Yukarıda açıklandığı durumlar dışında taht asla hanedanın yaşça en büyük mensubuna (birçok yazar tarafından yanlış olarak ileri sürüldüğü gibi) geçmezdi. Bu durum sultanlığın son zamanlarında, padişah olmamış Sultan Murat’ın oğlu yaşça büyük Selahattin’in değil de padişah Abdülaziz’in oğlu olan II. Abdülmecit’in halife seçilmesiyle tasdik edilmiştir. Sultan Murat (II. Abdülhamit’in üvey kardeşi) kılıç kuşanmamıştı ve bu yüzden de ne padişah ne de halife olabilirdi. Dolayısıyla onun oğlu olan Selahattin ve onun soyu tahta geçemezdi. Yukarıda açıklananlara ilaveten, Selahattin babası şehzadeyken doğmuştu ve bu yüzden de tahta geçemezdi. Ayni durum padişah II. Abdülhamit’in yaşça en büyük oğlu Prens Mehmet Selim örneği için de söz konusuydu.
Bu yüzden de sürgündeki tek meşru şehzadeler padişah II. Abdülhamit’in oğullarıydı. 1973’te son kardeşi şehzade Abid’in ölümünden sonra babam bir padişahın yaşayan son oğlu olarak Selim bin Hamit Han Selim i rabi bin Hamit Han ve sürgündeki hilafetin koruyucusu oldu.

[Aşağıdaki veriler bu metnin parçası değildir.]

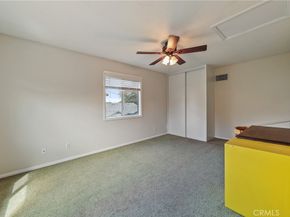 4489 Paula Ave, Lakewood CA 90713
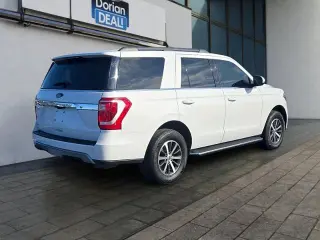 Ford Expedition 2019 4x4 XLT 4p SUV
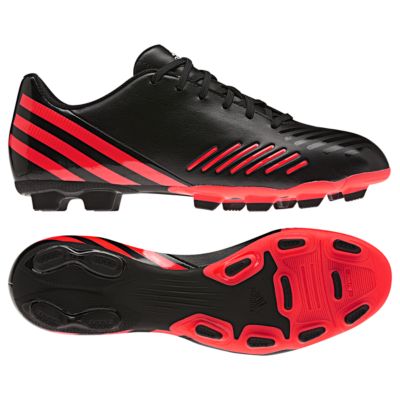 image: adidas Predito LZ TRX FG Cleats G64958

Burada kayda değer olan şu ki, kader bir padişahın son oğlu olarak son iki Oğuz boyundan gelen birini seçmişti: İslam’ın iki direği biri Sünni biri Şii olan Osmanlı ve Kaçar.
Kaçar veraseti
Kaçar veraset kaideleri Osmanlılarınkinden daha basitti. Taht doğrudan yasça büyük olma düzenine göre son Şah’ın oğullarına geçiyordu. Bununla beraber şehzadenin hem Şah’ın hem de bir Kaçar annenin oğlu olması gerekiyordu Bu yüzden benim büyük-büyük babam Nasrettin Şah’ın yaşça en büyük oğlu olan Prens-Vali Mesut Zill-i Sultan sadece annesi bir Kaçar prensesi olmadığı için daha az kabiliyetli olan üvey kardeşiyle yer değiştirdi. Bu durum muhtemelen Kaçar Hanedanı’nın çöküşünü hızlandırdı.
Mesut Zill-i Sultan’ın II. Abdülhamit döneminde Osmanlı sarayıyla yakın ilişkileri vardı. Mesut Zill-i Sultan’ı kendi hakkı olduğunu düşündüğü Iran tahtına geçme tutkusunu gerçekleştirmek için altıncı kızı olan Zell-os Soltaneh’i (sonradan Seniha Zill-i Sultan) Nasrettin Sah suikastından bir kaç yıl sonra müstakbel gelin olarak II. Abdülhamit’e vererek bir evlilik ittifakı yapmaya sevk etti. Maalesef padişah II. Abdülhamit’in kendi zorlukları ve nihayette 1909’da tahttan düşmesi Prens Mesut Zill-i Sultan’ın ihtiraslarını gerçekleştirmeye fırsat vermedi.